Um porta-voz do estudo disse: “Temos visto muitas pessoas registrando consistentemente sua perda de olfato, apesar da ausência de quaisquer outros sintomas”. Defriez disse: “Estou sentindo a diminuição do cheiro mais como uma condição agora do que uma sensação de mal-estar. Então [a pergunta] não me fez responder que não estava me sentindo bem.”

O que você pode fazer se tiver um problema? Primeiro, dê uma olhada nos sites das instituições de caridade AbScent e Fifth Sense, que oferecem informações sobre o cheiro. Em segundo lugar, junte-se ao grupo AbScent Facebook Covid para ler sobre a experiência de outras pessoas e se conectar com especialistas em olfato por meio de seminários e apresentações online. Em terceiro lugar, participe de um estudo - sua ajuda é importante para que os pesquisadores façam avançar esta questão.

Finalmente, pratique o treinamento do olfato. Com base na pesquisa do Professor Thomas Hummel da Universidade de Dresden, na Alemanha, acredita-se que isso amplifique a recuperação. Você pode comprar um pacote de óleos essenciais, usar sua própria escolha de perfumes, especiarias ou - adivinhe - vinhos. Em seguida, reserve cinco minutos duas vezes por dia para se concentrar em cheirá-los.

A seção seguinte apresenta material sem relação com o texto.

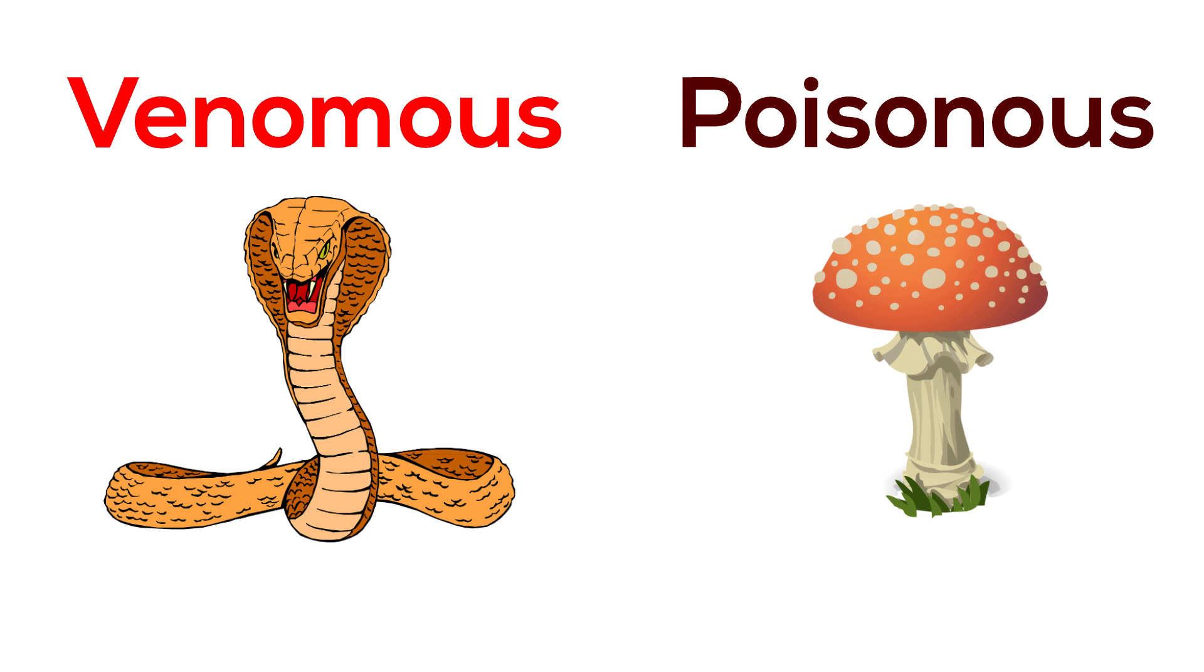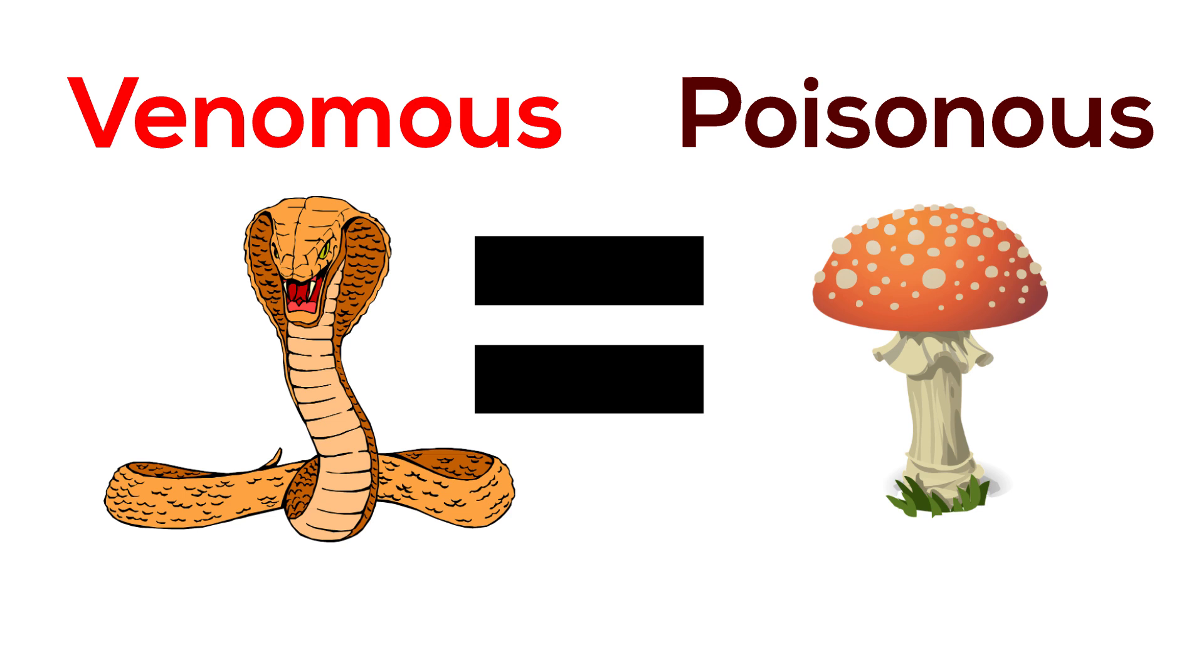But once the poison or venom enters the body, the effects are the same and they attack the same vital organs such as brain and heart, leading to instant kill if the poison or venom were strong enough.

“Se você está olhando para um poço muito fundo e deixa cair uma pedra, então se esforce para ouvir o som minúsculo dela batendo na água, sem saber quanto tempo vai durar ou quão silencioso quando chega - essa é a experiência que você está procurando”, explica Kelly. A recuperação pode funcionar de baixo para cima (da informação sensorial que chega aos níveis mais elevados de processamento no cérebro) ou de cima para baixo (o oposto), portanto, treine com os cheiros que você conhece.

Se você está se perguntando, Chrissi Kelly recuperou um pouco do olfato e tem este conselho para os anósmicos: “Quando cheiros específicos voltam, pode ser com sua antiga intensidade, não é como aumentar gradualmente o volume do rádio. Mas alguns podem não vir. É como emigrar para um novo país. Você fica com tanta saudade de casa quando é despejado nesta costa estrangeira onde nada é familiar, então, com o tempo, seu cérebro começa a preencher as lacunas para que se sinta confortável.”